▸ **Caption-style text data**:
···

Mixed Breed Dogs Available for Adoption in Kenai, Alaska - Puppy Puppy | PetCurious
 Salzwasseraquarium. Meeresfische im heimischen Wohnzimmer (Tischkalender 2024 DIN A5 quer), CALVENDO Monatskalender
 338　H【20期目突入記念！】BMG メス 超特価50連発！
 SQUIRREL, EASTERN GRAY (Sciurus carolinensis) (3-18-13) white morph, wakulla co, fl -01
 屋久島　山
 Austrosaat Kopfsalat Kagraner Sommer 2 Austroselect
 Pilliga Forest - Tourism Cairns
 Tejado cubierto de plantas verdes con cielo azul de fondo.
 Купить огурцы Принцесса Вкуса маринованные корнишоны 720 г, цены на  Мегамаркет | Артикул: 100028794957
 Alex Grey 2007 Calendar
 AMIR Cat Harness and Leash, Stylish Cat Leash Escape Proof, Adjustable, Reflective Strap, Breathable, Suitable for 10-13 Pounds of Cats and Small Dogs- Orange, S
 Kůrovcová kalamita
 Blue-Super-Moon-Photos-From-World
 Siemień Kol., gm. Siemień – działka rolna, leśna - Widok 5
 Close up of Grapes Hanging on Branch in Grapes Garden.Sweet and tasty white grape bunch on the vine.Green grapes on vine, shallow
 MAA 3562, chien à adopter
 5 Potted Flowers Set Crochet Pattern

···

▸ **The task**:
Could you transcribe every record above exactly as it appears?

▸ **Answer below**:
Mixed Breed Dogs Available for Adoption in Kenai, Alaska - Puppy Puppy | PetCurious
 Salzwasseraquarium. Meeresfische im heimischen Wohnzimmer (Tischkalender 2024 DIN A5 quer), CALVENDO Monatskalender
 338　H【20期目突入記念！】BMG メス 超特価50連発！
 SQUIRREL, EASTERN GRAY (Sciurus carolinensis) (3-18-13) white morph, wakulla co, fl -01
 屋久島　山
 Austrosaat Kopfsalat Kagraner Sommer 2 Austroselect
 Pilliga Forest - Tourism Cairns
 Tejado cubierto de plantas verdes con cielo azul de fondo.
 Купить огурцы Принцесса Вкуса маринованные корнишоны 720 г, цены на  Мегамаркет | Артикул: 100028794957
 Alex Grey 2007 Calendar
 AMIR Cat Harness and Leash, Stylish Cat Leash Escape Proof, Adjustable, Reflective Strap, Breathable, Suitable for 10-13 Pounds of Cats and Small Dogs- Orange, S
 Kůrovcová kalamita
 Blue-Super-Moon-Photos-From-World
 Siemień Kol., gm. Siemień – działka rolna, leśna - Widok 5
 Close up of Grapes Hanging on Branch in Grapes Garden.Sweet and tasty white grape bunch on the vine.Green grapes on vine, shallow
 MAA 3562, chien à adopter
 5 Potted Flowers Set Crochet Pattern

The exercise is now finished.